Le contrat de location a été cédé par la société [K] à la société CM CIC LEASING SOLUTIONS.
Par lettre recommandée du 8 novembre 2022, la société CM CIC LEASING SOLUTIONS a mis en demeure M. [R] de régler la somme de 6.147,65 euros TTC au titre de l’arriéré locatif, en vain.
Par lettre recommandée du 13 juillet 2023, la société CM CIC LEASING SOLUTIONS a notifié à M. [R] la résiliation de plein droit du contrat et a sollicité le paiement des sommes suivantes :
12.813 euros TTC au titre de l’arriéré des loyers, majoré des frais et pénalités, 43.401,60 euros TTC au titre des loyers à échoir.
***
Par acte du 21 juin 2024, la société CM CIC LEASING SOLUTIONS a fait assigner M. [R] devant le tribunal judiciaire de Nîmes en paiement de diverses sommes.

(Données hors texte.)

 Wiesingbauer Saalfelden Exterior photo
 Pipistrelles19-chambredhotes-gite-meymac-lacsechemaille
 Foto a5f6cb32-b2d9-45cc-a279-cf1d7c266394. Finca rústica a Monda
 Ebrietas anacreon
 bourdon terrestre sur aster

Aux termes de ses dernières conclusions notifiées le 7 février 2025, la société CM CIC LEASING SOLUTIONS demande au tribunal judiciaire de :
constater la résiliation du contrat de location n°ET4393600 aux torts de M. [R] à la date du 13 juillet 2023, condamner M. [R] à restituer les matériels objets de la convention résiliée et ce dans la huitaine de la signification du jugement à intervenir et ce sous astreinte de 20 € par jour de retard et par matériel, ordonner que cette restitution soit effectuée aux frais du locataire et sous sa responsabilité conformément aux dispositions prévues à l’article 14 des conditions générales de location, condamner M. [R] à lui payer la somme totale de 55.771,60 € TTC avec pénalités de retard égales au taux d’intérêt appliqué par la Banque centrale européenne à son opération de refinancement la plus récente majoré de 10 points de pourcentage conformément à l’article L 441-10 II du Code de Commerce, à compter de la date de présentation de la mise en demeure soit le 8 novembre 2022. (article 8.3 (h) des conditions générales de location.) condamner M. [R] à lui payer une somme de 3.000 € sur le fondement de l’article 700 du code de procédure civile, outre les dépens avec distraction au profit de Maitre Audrey Moyal avocat au Barreau de Nîmes dans les conditions prévues à l’article 699 du code de procédure civile.rappeler que l’exécution provisoire est de droit conformément aux dispositions prévues à l’article 514 du code de procédure civile.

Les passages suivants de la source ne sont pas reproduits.